▸ TASK DIRECTIONS: Begin with the line below holding "2019 Chrysler Pacifica" and go on through the line holding "2021-volvo-xc40-15-t3-r-design-161bhp-big-6", duplicating each line exactly and leaving out pictures.

### SUPPLIED INFORMATION

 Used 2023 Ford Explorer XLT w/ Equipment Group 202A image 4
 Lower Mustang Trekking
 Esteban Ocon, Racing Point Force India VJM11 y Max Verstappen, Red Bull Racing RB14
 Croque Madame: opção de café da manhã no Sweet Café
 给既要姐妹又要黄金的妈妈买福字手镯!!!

######
### SUPPLIED INFORMATION

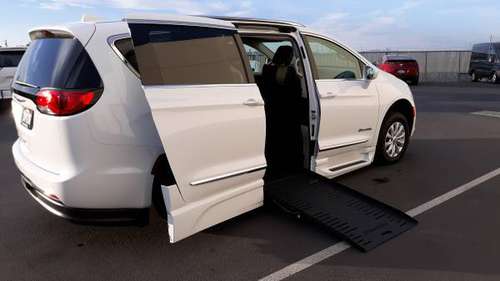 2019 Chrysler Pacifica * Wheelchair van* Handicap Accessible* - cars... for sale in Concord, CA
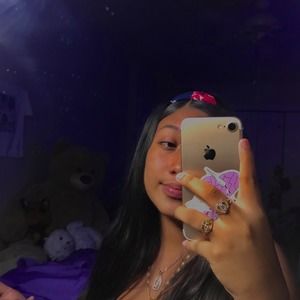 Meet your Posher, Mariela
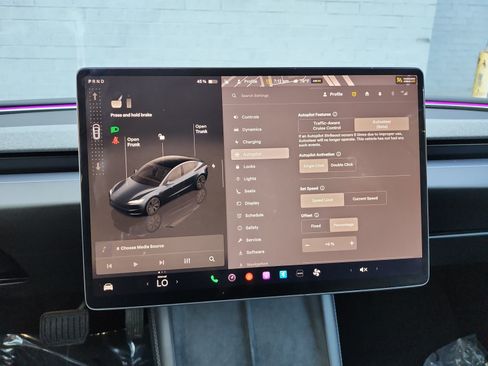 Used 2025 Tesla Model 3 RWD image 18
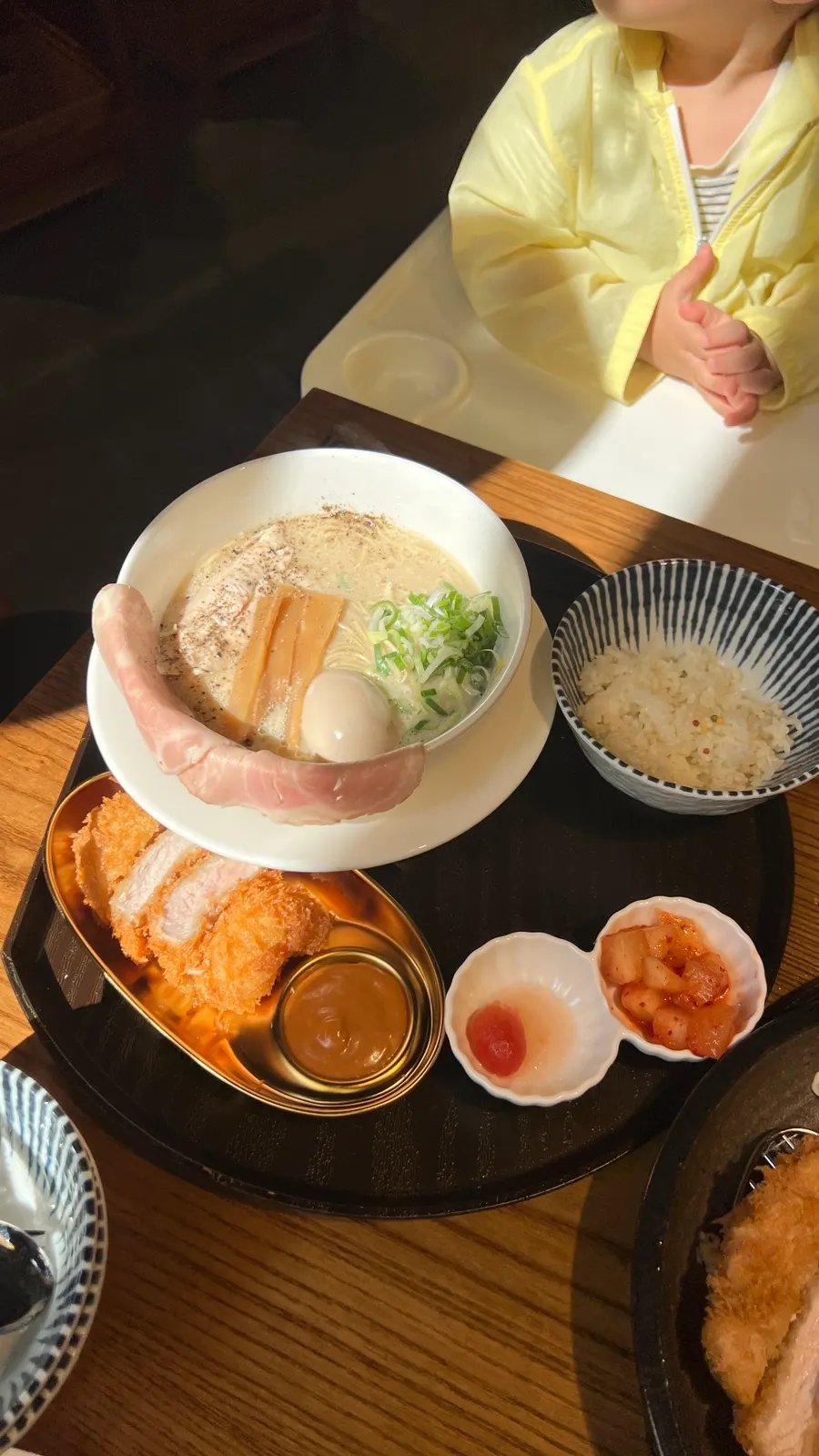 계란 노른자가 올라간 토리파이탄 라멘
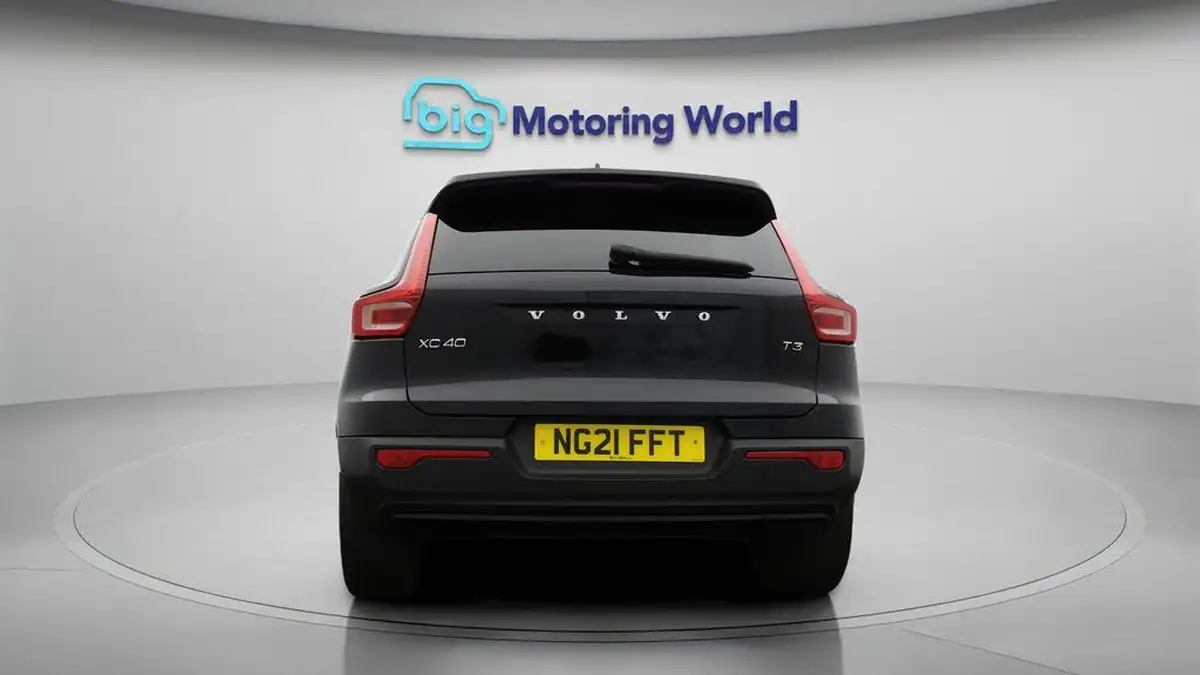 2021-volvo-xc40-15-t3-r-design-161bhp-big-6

######

▸ RESULT OF THE TASK:
 2019 Chrysler Pacifica * Wheelchair van* Handicap Accessible* - cars... for sale in Concord, CA
 Meet your Posher, Mariela
 Used 2025 Tesla Model 3 RWD image 18
 계란 노른자가 올라간 토리파이탄 라멘
 2021-volvo-xc40-15-t3-r-design-161bhp-big-6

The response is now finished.